Does this means that "something" (Nippy ?) converts object arrays into double arrays or the other way arround? Or are we still see a "rendering" issue in Clerk ? It goes away when cleaning caches (but comes back on next JVM restart)

mkvlr15:02:09

do you have a small repro of the above error?

Carsten Behring15:02:58

doing: 1. (clerk/show! "src/kaggle.clj") 2. JVM restart 3. (clerk/show! "src/kaggle.clj")

Carsten Behring15:02:04

should trigger it

mkvlr15:02:19

thanks, I’ll try…

mkvlr15:02:51

btw, you’re still mostly working with the file watcher, right?

mkvlr15:02:29

can highly recommend trying with a hotkey for clerk/show! https://github.com/nextjournal/clerk#editor-workflow

Carsten Behring15:02:57

Regarding "configurable caching": I have my TMD datasets often nested inside a map. This seems to make specific caching via annotations pretty hard. Viewers are simpler, as we control well what to view, while data structures are often just big maps. An other way to say this: The caching should be IMHO completely invisible even if this means that persistent caching (across restarts) is not possible. To wonder about the viewers is quite some work already, to wonder about "how to store objects" should be avoided. (specially as I have not yet a use case for the persistence)

Carsten Behring15:02:44

No, I went to hot key in emacs. Very good, indeed ! "C-c c" does all of it:+1:

mkvlr15:02:00

> The caching should be IMHO completely invisible even if this means that persistent caching (across restarts) is not possible. that’s how it works now or am I misunderstanding?

mkvlr15:02:31

(well besides the bug you’re encountering 😹)

👍 1
mkvlr15:02:02

do you know which cell it is that causes the failure?

mkvlr16:02:07

seems to be this one (def test-data\n (load-hp-data \"test.csv.gz\"))

mkvlr16:02:59

this seems to be a more minimal repro

(ns kaggle-min
  (:require [nextjournal.clerk :as clerk]
            [tablecloth.api :as tc]))



(defn load-hp-data [file]
  (println "load a file : " file)
  (-> (tc/dataset file {:key-fn keyword})

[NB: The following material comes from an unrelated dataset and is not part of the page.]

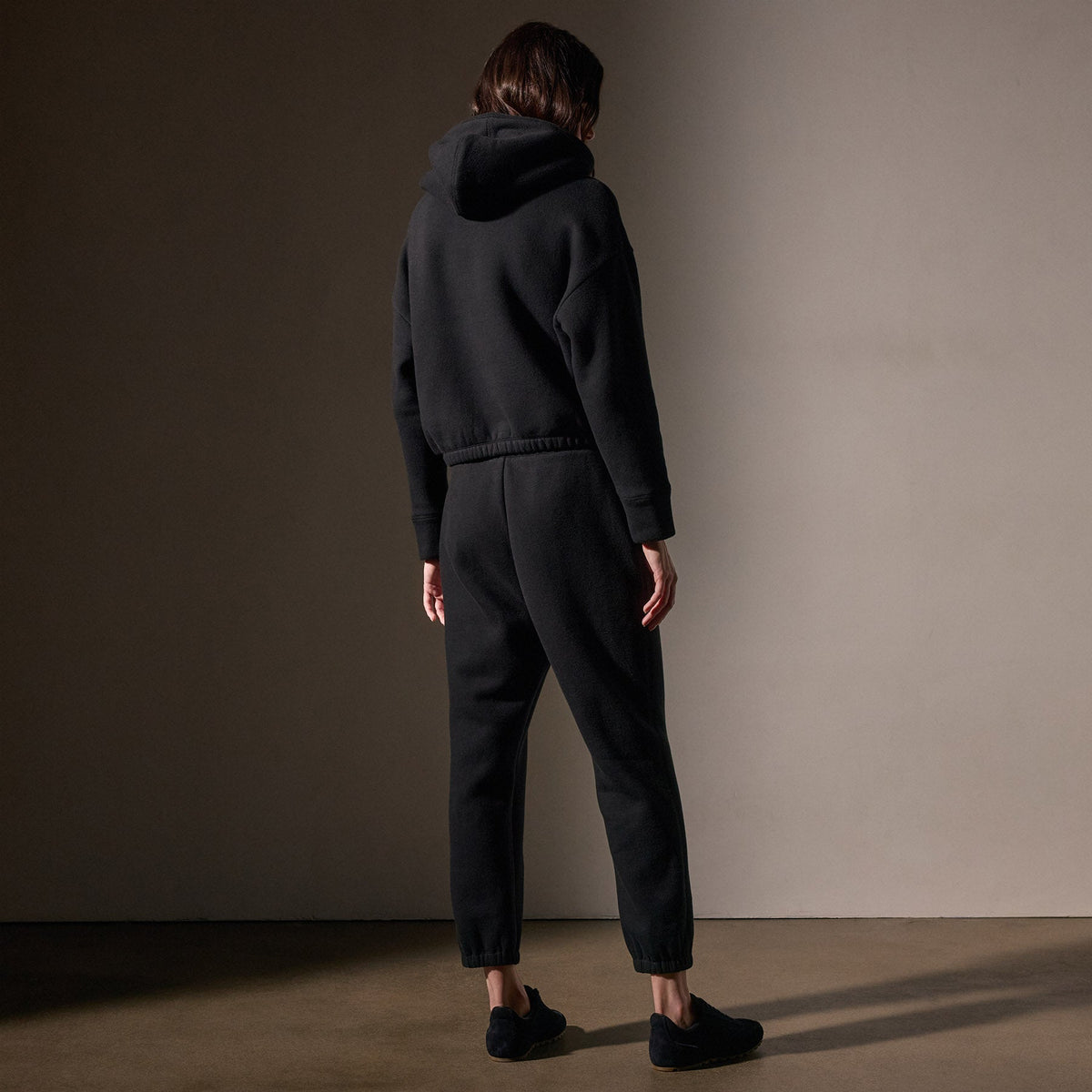 Cozy Oversized Sweat Pant  in Black | James Perse Los Angeles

      (tc/convert-types (zipmap [:BedroomAbvGr
                                 :BsmtFullBath
                                 :BsmtHalfBath
                                 :Fireplaces
                                 :FullBath
                                 :GarageCars
                                 :HalfBath
                                 :KitchenAbvGr
                                 :OverallCond
                                 :OverallQual
                                 :MoSold
                                 :TotRmsAbvGrd
                                 :MSSubClass]
                                (repeat :string)))))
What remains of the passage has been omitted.